L’action paulienne et l’action en inopposabilité de la prescription
L’article 2253 du code civil dispose que « Les créanciers, ou toute autre personne ayant intérêt à ce que la prescription soit acquise, peuvent l’opposer ou l’invoquer lors même que le débiteur y renonce. »
La cour de cassation, dans une décision certes ancienne mais jamais remise en cause, a estimé que ces dispositions « ne sont applicables que si la renonciation du débiteur est de nature à créer ou à augmenter son insolvabilité » (Soc. 9 nov. 1950 : Bull. civ. III, n° 830).
L’action en inopposabilité de la prescription a ainsi le goût, l’odeur et la couleur de l’action paulienne, car elle a pour objet d’obtenir l’inopposabilité d’un acte.
La doctrine ne qualifie pas nécessairement l’inopposabilité de l’article 2253 du code civil d’action paulienne. Certains auteurs considèrent que sa mise en œuvre suppose de réunir les conditions de l’action paulienne, ce qui implique qu’elle constituerait une forme d’action paulienne ; tandis que d’autres auteurs considèrent qu’il s’agit d’une action autonome, distincte de l’action paulienne, dont elle partage certains traits, mais pas tous (Benoît GRIMONPREZ, Prescription acquisitive, Répertoire de droit civil, Dalloz, § 153).

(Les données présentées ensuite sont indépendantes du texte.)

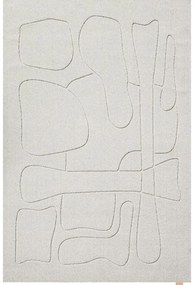 Világosszürke gyapjú szőnyeg 133x190 cm Morphic – Agnella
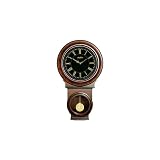 buy cheap price Seth Thomas Lillian Black Dial Stained Brown Walnut Wooden Pendulum Wall Clock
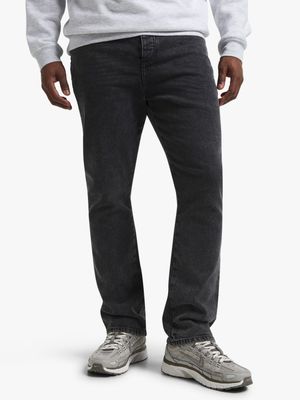 Redbat Men's Black Straight Leg Jeans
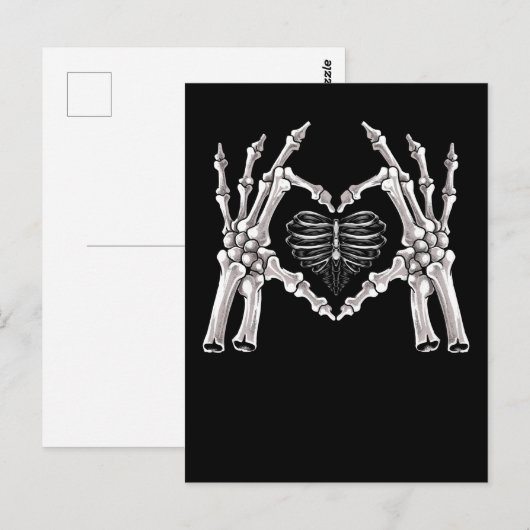 Skeletribben Handje Briefkaart (Voorkant / Achterkant)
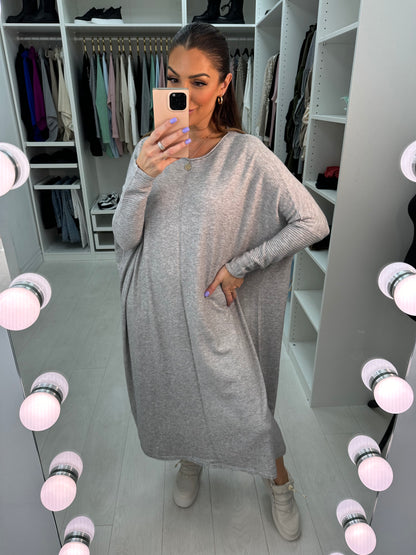 Alina Plain Maxi Knit Dress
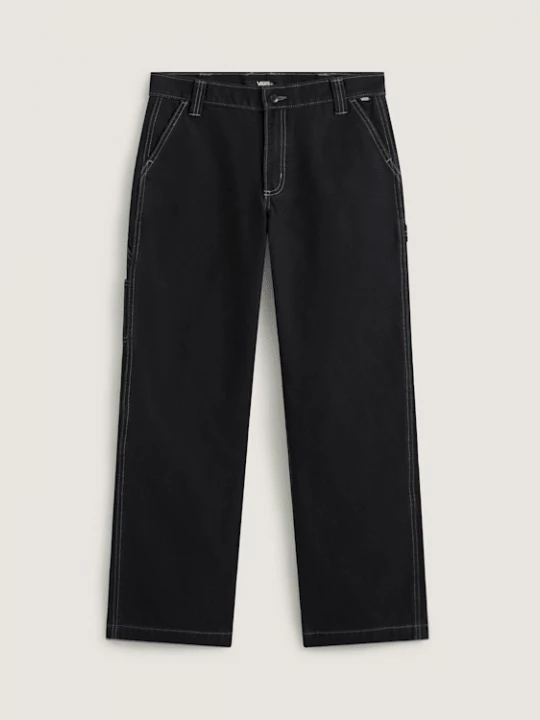 Foto van product Vans - Chore Mid Rise Rechte Broek, Vrouw, Zwart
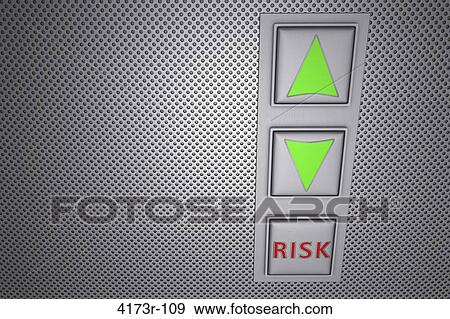 3D composing of elevator remote with green arrows showing up and down and red risk button View Large Photo Image Stock Photo - 3D composing of elevator remote with green arrows showing up and down and red risk button. Fotosearch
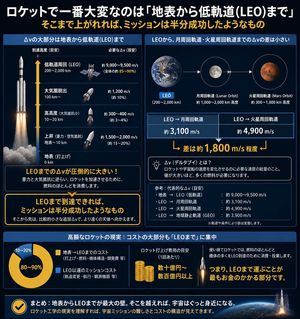 LEO 火箭 Delta-V 信息图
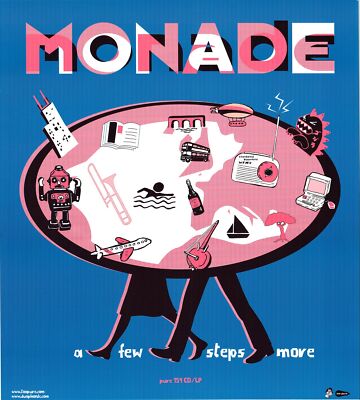 Monade French Band A Few Steps More Promo Poster 20 x 18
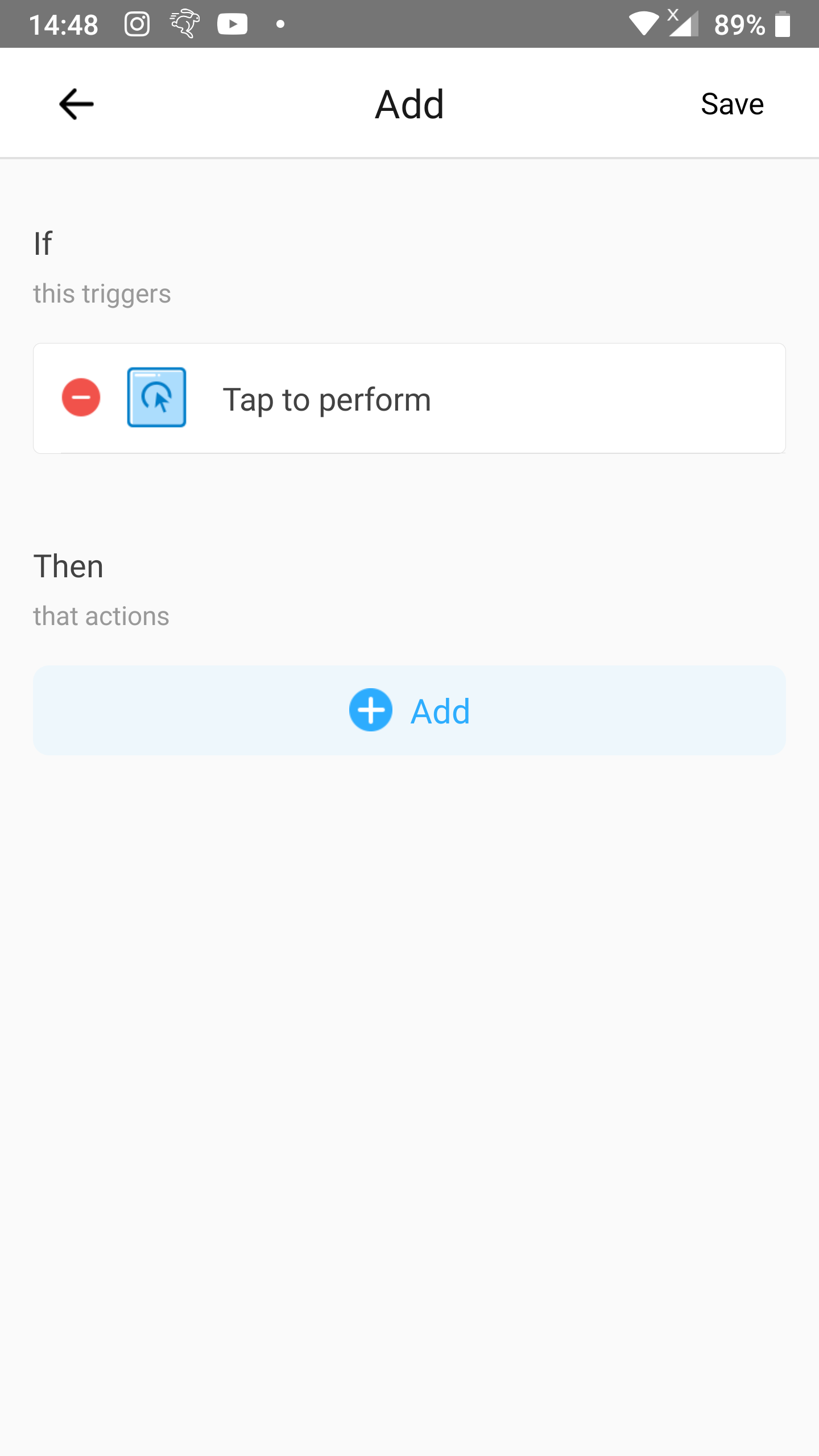 KB: 1-button toggle: Tap-to-perform trigger added to new scene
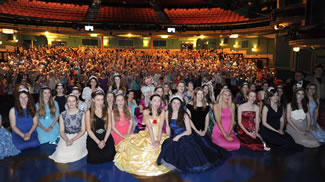 A total of 537 people came to the Mayflower Theatre dressed as princesses to break the Guinness World Records world record for the Largest gathering of people dressed as princesses. 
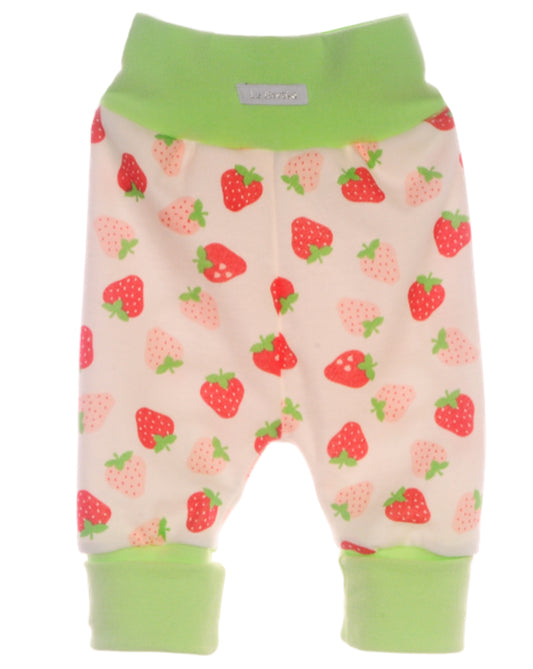 Baby Hose mit Erdbeeren Muster Mitwachshose
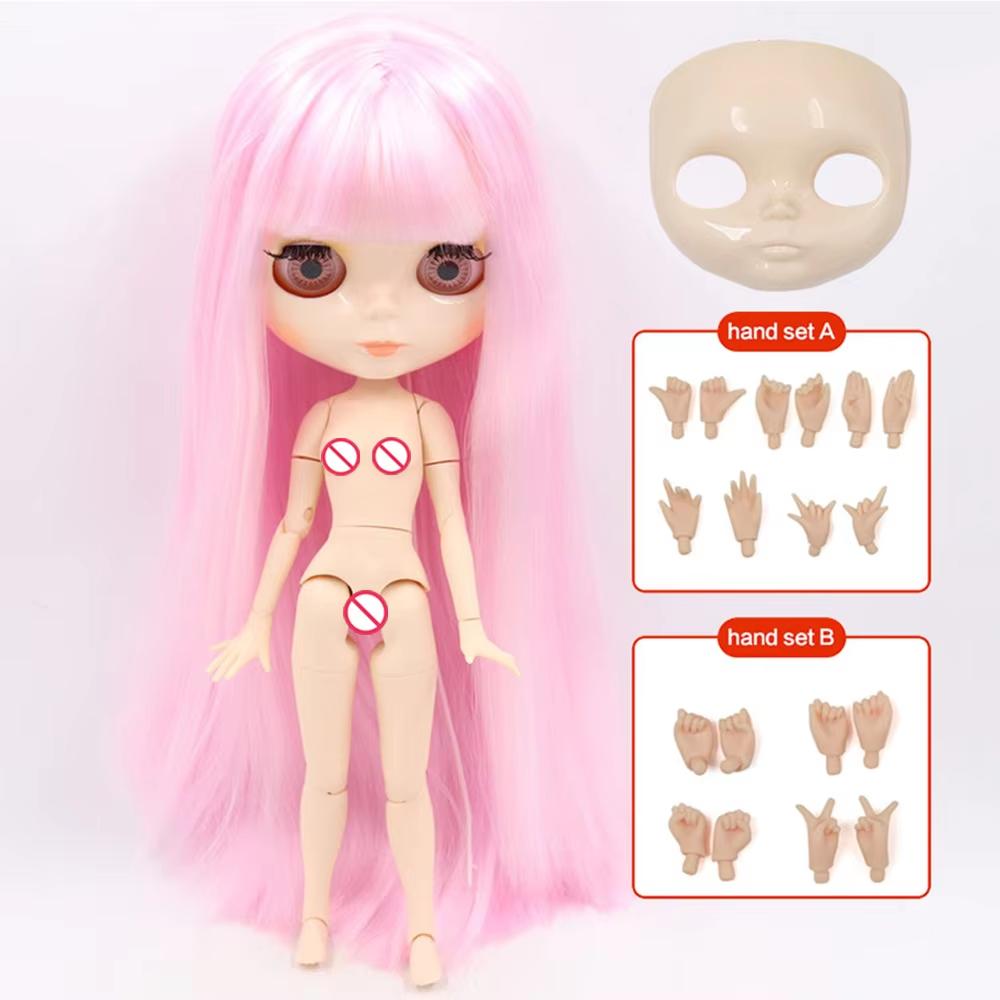 ICY DBS Кукла Блайз Шарнирное тело 30 см BJD Игрушка Белое глянцевое лицо и матовое лицо с дополнительными руками AB и панелью 1/6 DIY Модная кукла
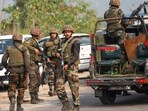 Army personnel keep vigil near the site after terrorists fired at an ambulance that was part of an Army convoy passing through a village near the Line of Control (LoC) in J&K's Akhnoor sector, in Jammu. Army personnel keep vigil near the site after terrorists fired at an ambulance that was part of an Army convoy passing through a village near the Line of Control (LoC) in J&K's Akhnoor sector, in Jammu.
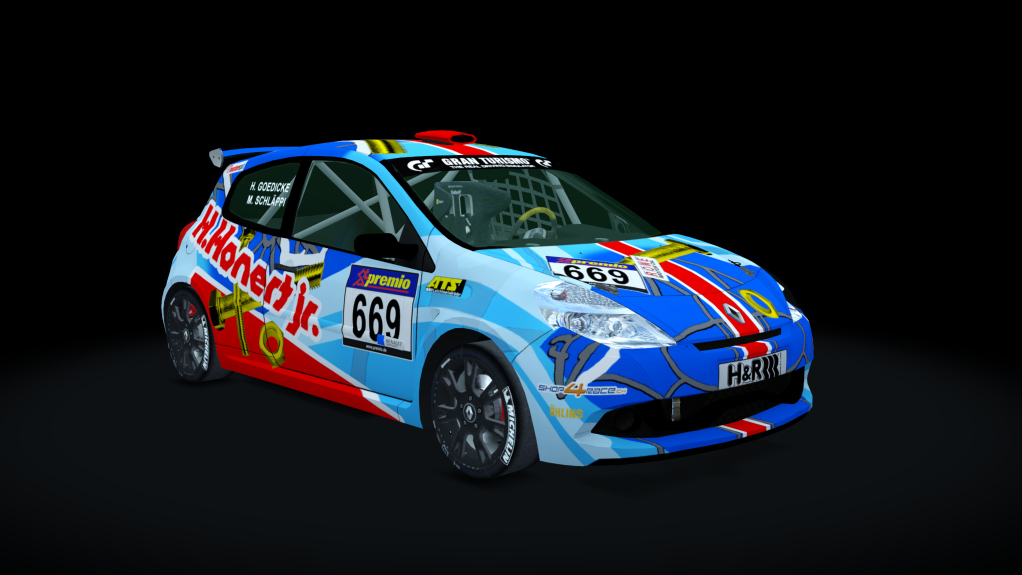 Renault Clio Cup 197, skin Honert_JR_VLN669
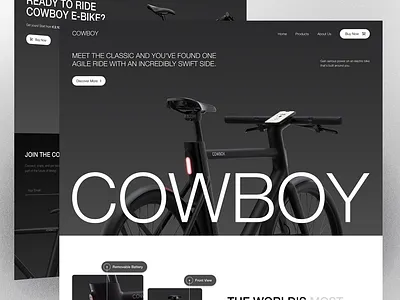 Cowboy – Modern Bike Company Homepage Design branding figma graphic design ui web design website website design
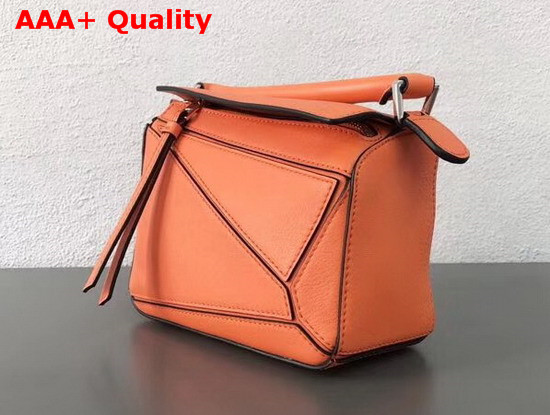 Loewe Mini Puzzle Bag in Orange Classic Calf Leather Replica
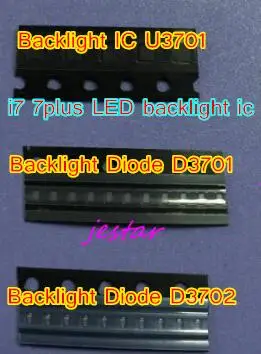 

10 комплектов (30 шт.) чип подсветки IC U3701 + D3701 D3702 для iphone 7 7 plus 7 plus Dim без светодиодной подсветки fix kit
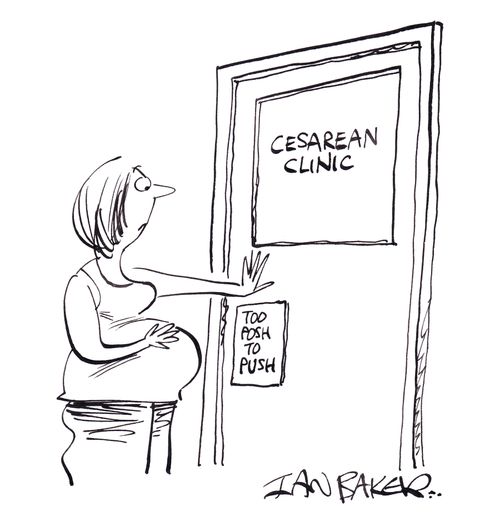 Too posh to push - Cesarean Clinic.
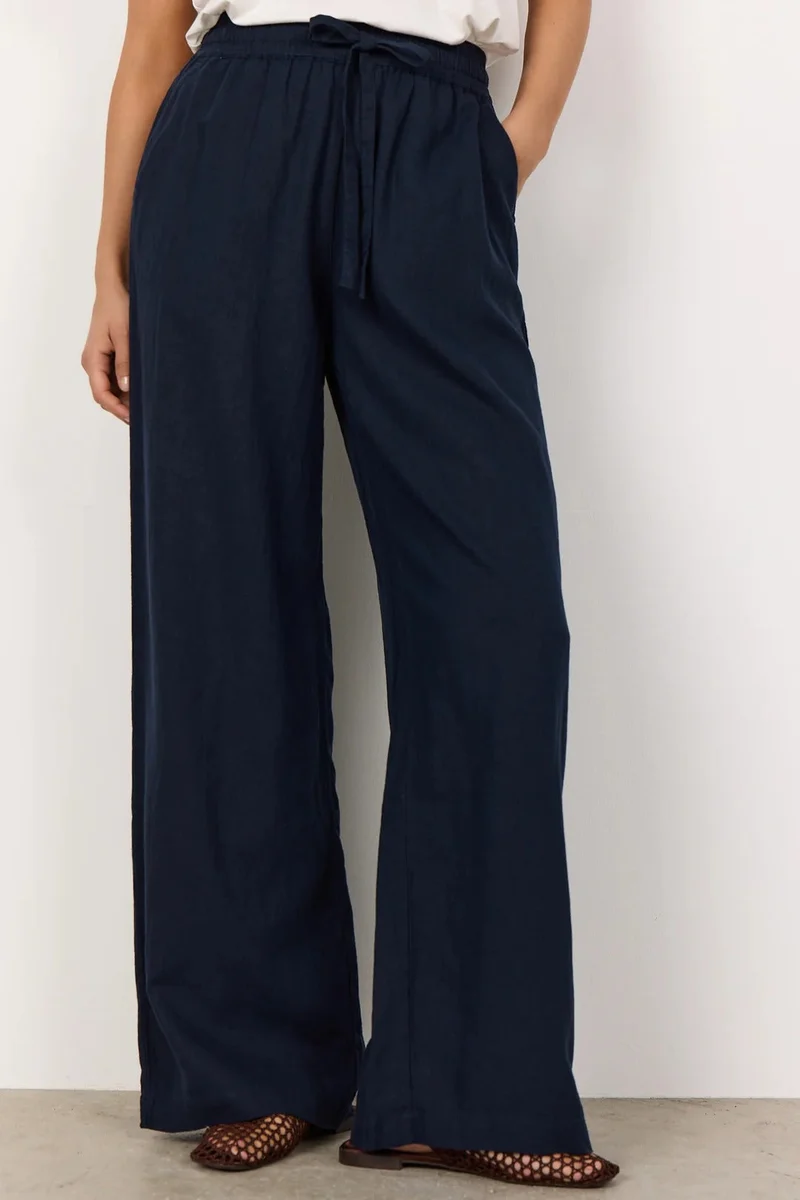 Uriatta | Lässige Wide-Leg-Hose mit elastischem Bund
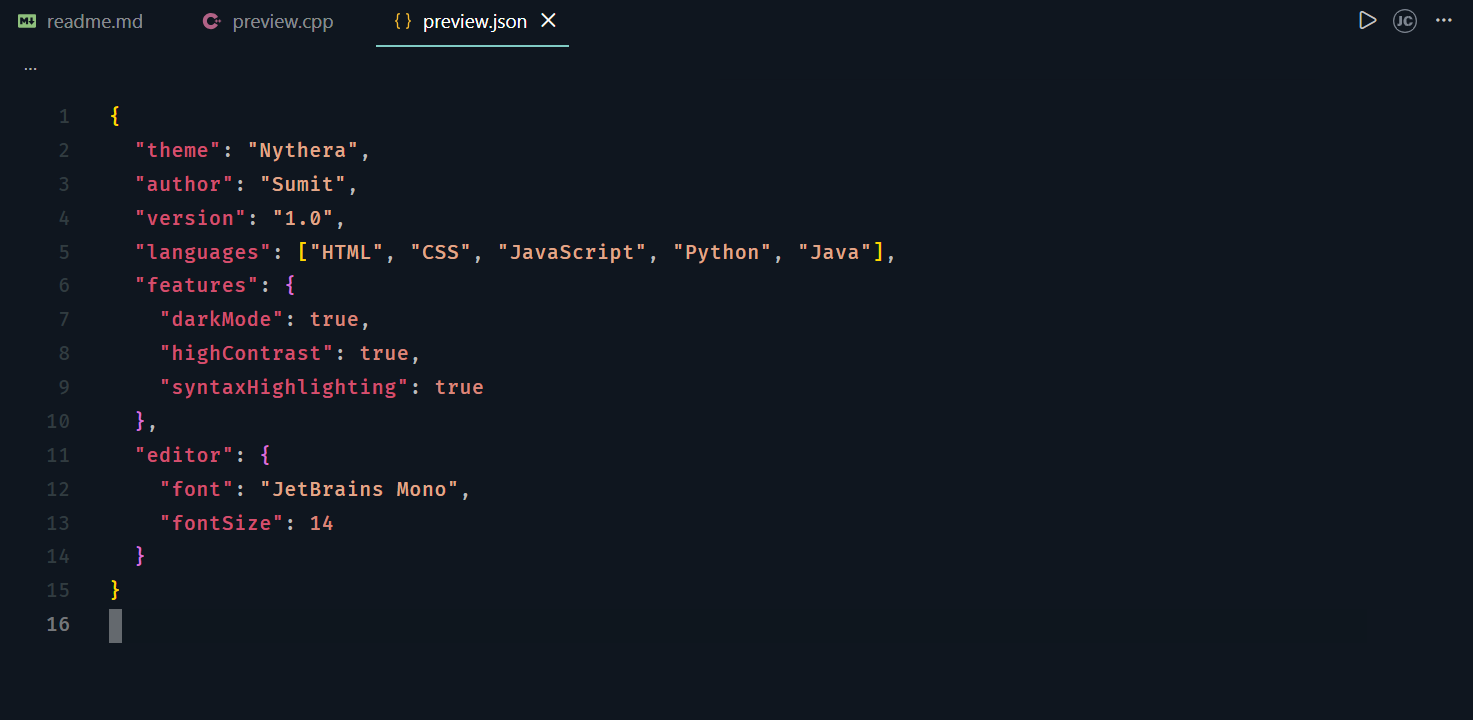 JSON Preview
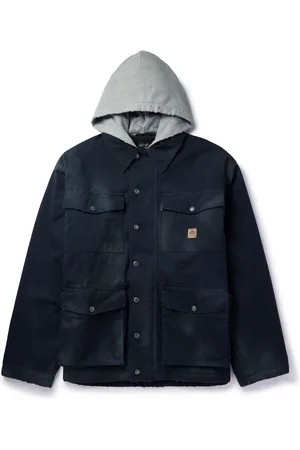 Balenciaga Oversized Jersey-Trimmed Distressed Organic Cotton-Blend Gabardine Parka - Men - - 2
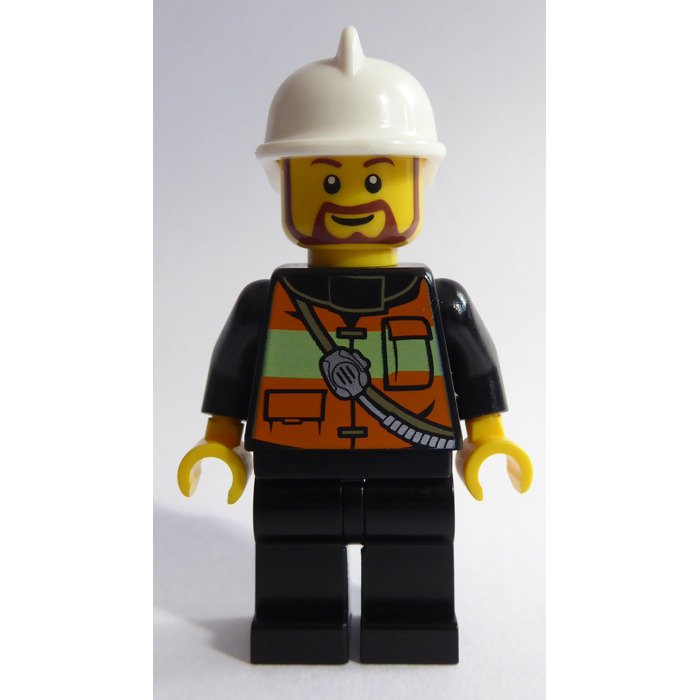 LEGO Fireman with Beard Minifigure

Le critère à propos duquel il y a le plus de débats est celui de la fraude. S’il ne fallait pas en tenir compte, alors il suffirait aux créanciers de prouver que leurs intérêts sont lésés par l’acte de renonciation à prescription, pour obtenir son inopposabilité. Les modalités de mise en œuvre de cette action s’en trouveraient allégées.
La jurisprudence n’offre pas, à notre connaissance, de réponse tranchée à cette interrogation à ce jour.